A well-layered system makes adding new offerings straightforward:

  1. 1Platform team develops the IaC pattern: Terraform or Bicep, tested in isolation
  2. 2Pattern is reviewed and merged to the infrastructure repo
  3. 3ServiceNow admin creates a catalog item with variables that map to the pattern's inputs
  4. 4Pipeline is configured (or reuses existing parameterized pipeline)
  5. 5Pattern is available in the catalog

The ServiceNow work is minimal because it's just collecting inputs. The heavy lifting is in the IaC pattern, which can be developed and tested independently.
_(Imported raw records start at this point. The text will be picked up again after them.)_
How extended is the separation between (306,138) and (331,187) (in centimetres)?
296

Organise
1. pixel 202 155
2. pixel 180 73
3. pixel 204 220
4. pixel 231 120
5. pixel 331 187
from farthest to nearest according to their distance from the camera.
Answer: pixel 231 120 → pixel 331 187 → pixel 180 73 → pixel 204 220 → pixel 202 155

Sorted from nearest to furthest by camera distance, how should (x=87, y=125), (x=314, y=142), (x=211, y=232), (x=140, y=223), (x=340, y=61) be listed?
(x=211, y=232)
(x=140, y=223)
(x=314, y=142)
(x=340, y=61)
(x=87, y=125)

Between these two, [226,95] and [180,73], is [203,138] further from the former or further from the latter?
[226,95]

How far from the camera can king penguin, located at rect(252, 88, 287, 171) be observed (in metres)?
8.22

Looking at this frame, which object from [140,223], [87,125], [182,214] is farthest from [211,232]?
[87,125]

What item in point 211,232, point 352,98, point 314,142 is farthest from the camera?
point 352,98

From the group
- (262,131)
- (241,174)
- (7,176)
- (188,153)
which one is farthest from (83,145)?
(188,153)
From request to running resource: minutes

A typical request flow:

  1. 1.User browses the service catalog, selects "Standard Linux VM"
  2. 2.Form collects size, project code, cost center, environment
  3. 3.Cost estimate displays before submission
  4. 4.User submits, request routes to manager for approval
  5. 5.Manager approves, ServiceNow calls Azure DevOps REST API
  6. 6.Pipeline starts, runs Terraform plan, checks cost, validates policy
  7. 7.All checks pass, Terraform apply runs
  8. 8.Resources deploy with required tags, encryption, diagnostic settings
  9. 9.Pipeline callbacks to ServiceNow with success status and resource IDs
  10. 10.CMDB updated, user notified, request closed

Time from submission to running resource: minutes, not days.

Separate the layers. The automation follows.
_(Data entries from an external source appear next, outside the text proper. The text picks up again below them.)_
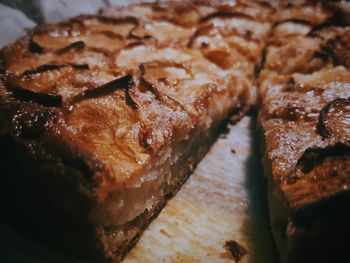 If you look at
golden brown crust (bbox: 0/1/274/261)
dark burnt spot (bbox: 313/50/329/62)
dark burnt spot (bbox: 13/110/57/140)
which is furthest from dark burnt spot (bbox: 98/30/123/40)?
dark burnt spot (bbox: 313/50/329/62)

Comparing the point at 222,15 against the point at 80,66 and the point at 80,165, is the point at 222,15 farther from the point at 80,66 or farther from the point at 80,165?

Self-service provisioning becomes fragile when everything runs in one workflow. Separate the concerns:

LayerOwnsDoesn't Own
Request & ApprovalWho can ask, who approvesHow it's built
IntegrationAPI communication, parameter passingBusiness logic
IaC ExecutionWhat gets built, security baselinesApproval policy
Post-DeploymentTraceability, reconciliationDeployment mechanics

When each layer has clear boundaries, failures are contained, changes are safe, and the system can grow without collapsing under its own complexity.